▶ Provided entries:
┄┄┄┄┄┄┄┄┄┄
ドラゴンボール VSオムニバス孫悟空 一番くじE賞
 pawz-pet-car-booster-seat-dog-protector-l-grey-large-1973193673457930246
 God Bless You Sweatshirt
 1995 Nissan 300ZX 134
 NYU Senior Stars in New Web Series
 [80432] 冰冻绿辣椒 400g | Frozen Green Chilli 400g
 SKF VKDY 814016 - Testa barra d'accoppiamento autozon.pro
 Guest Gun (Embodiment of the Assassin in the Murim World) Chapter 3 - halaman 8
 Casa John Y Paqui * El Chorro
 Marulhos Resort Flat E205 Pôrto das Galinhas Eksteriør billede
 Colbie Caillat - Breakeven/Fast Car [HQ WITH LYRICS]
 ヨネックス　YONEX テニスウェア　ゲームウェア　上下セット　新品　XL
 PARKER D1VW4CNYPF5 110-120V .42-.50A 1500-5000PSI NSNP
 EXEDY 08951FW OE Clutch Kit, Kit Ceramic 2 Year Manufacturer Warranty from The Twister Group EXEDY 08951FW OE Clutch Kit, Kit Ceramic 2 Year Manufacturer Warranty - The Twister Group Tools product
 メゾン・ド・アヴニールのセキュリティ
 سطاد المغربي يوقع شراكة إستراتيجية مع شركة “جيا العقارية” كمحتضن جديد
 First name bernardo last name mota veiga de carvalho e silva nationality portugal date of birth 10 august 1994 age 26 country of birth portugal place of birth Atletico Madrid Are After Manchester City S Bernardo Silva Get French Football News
┄┄┄┄┄┄┄┄┄┄
▶ Work required:
Restate every entry above word for word.

▶ Your solution:
ドラゴンボール VSオムニバス孫悟空 一番くじE賞
 pawz-pet-car-booster-seat-dog-protector-l-grey-large-1973193673457930246
 God Bless You Sweatshirt
 1995 Nissan 300ZX 134
 NYU Senior Stars in New Web Series
 [80432] 冰冻绿辣椒 400g | Frozen Green Chilli 400g
 SKF VKDY 814016 - Testa barra d'accoppiamento autozon.pro
 Guest Gun (Embodiment of the Assassin in the Murim World) Chapter 3 - halaman 8
 Casa John Y Paqui * El Chorro
 Marulhos Resort Flat E205 Pôrto das Galinhas Eksteriør billede
 Colbie Caillat - Breakeven/Fast Car [HQ WITH LYRICS]
 ヨネックス　YONEX テニスウェア　ゲームウェア　上下セット　新品　XL
 PARKER D1VW4CNYPF5 110-120V .42-.50A 1500-5000PSI NSNP
 EXEDY 08951FW OE Clutch Kit, Kit Ceramic 2 Year Manufacturer Warranty from The Twister Group EXEDY 08951FW OE Clutch Kit, Kit Ceramic 2 Year Manufacturer Warranty - The Twister Group Tools product
 メゾン・ド・アヴニールのセキュリティ
 سطاد المغربي يوقع شراكة إستراتيجية مع شركة “جيا العقارية” كمحتضن جديد
 First name bernardo last name mota veiga de carvalho e silva nationality portugal date of birth 10 august 1994 age 26 country of birth portugal place of birth Atletico Madrid Are After Manchester City S Bernardo Silva Get French Football News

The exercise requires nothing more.